China’s property market continues to resemble a popped balloon, with little gas in the tank to reinflate it quick enough before new holes are poked in its membrane.

But Fitch analysts say the market is poised to remain solid through the end of 2023, with prices to average US$110/t this year and remain above US$100/t in 2024 before beginning what they view as a long decline to US$50/t by 2032.

“Prices have retained their resilience on the back of strong Mainland Chinese imports in 2023 thus far, a result of declining domestic physical inventories at ports,” they say.

“During January to August of 2023, Mainland Chinese imports of iron ore surged by 7.4% y-o-y to a record high of 775.7mnt. Total iron ore inventory at Mainland Chinese ports as of September 15 2023 is 11.4kt, compared to 13.4kt on January 6 2023.

“Despite Mainland China’s uneven economic growth and a still failing property sector, blast furnace steel production and thus iron ore demand have shown a defiance of all odds, through support from non-property sectors including shipping, machinery, autos and infrastructure.

“From January to August 2023, China produced 712.93mnt of crude steel, up 2.6% from the same period in 2022. We expect some more upside to iron ore prices in Q4 2023 ahead of the winter holidays as steel mills continue restocking.”

Positive sentiment in futures is also keeping iron ore strong in Singapore and on China’s Dalian exchange. Fitch is hopeful Chinese stimulus could refire the property sector.

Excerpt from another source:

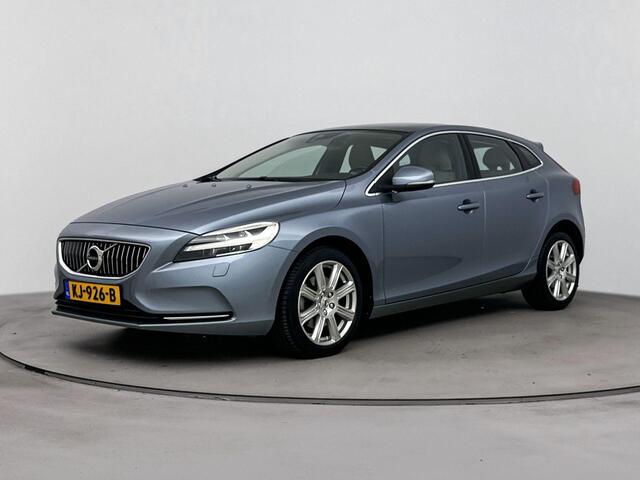 Volvo V40 2.0 T3 Inscription | Luxury Line o.a. Panoramadak | Navigatie | Standkachel met timer | Lederen bekleding |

“Despite the Mainland Chinese property sector still being in contraction, positive sentiment is stemming from hopes of a turnaround, with some form of stimulus from the Mainland Chinese government,” analysts say.

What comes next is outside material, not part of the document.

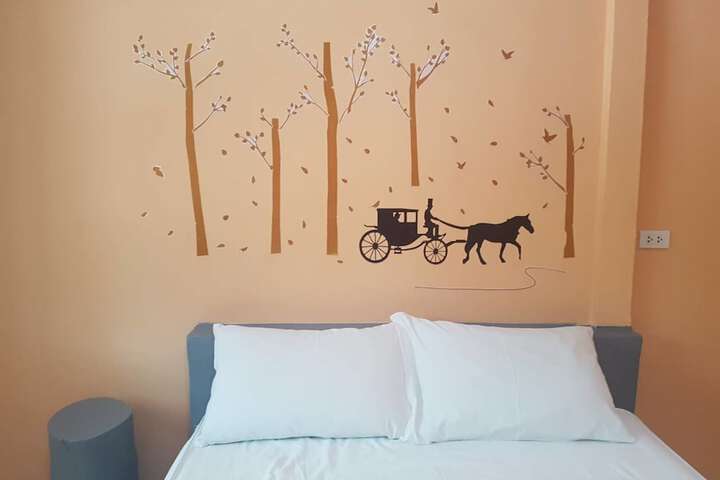 Room 5 of 9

“Total credit growth in China climbed 9% y-o-y in August 2023, versus 8.9% in July 2023, to mark the first month-on-month acceleration since March 2023.

“Commercial bank lending was up 11.1% in August compared with the same period a year ago. Indeed, bank loans surged in August to CNY1.36trn, nearly quadrupling from July 2023’s CNY345.9bn. These indicate that China’s beleaguered property sector may be starting to turn around.”


And on the markets

The materials sector has reflected those recent themes today, with iron ore stocks up, taking the sector to a 0.71% morning gain.

In the red are the big lithium players, with coal stocks also struggling.

Mid-cappers Core Lithium (ASX:CXO) and Azure Minerals (ASX:AZS) were amongst the hardest hit, both falling more than 5%, while gold stocks rebounded after a weak US jobs report which saw treasury yields fall from multi-year highs, ANZ’s Mahjabeen Zaman said.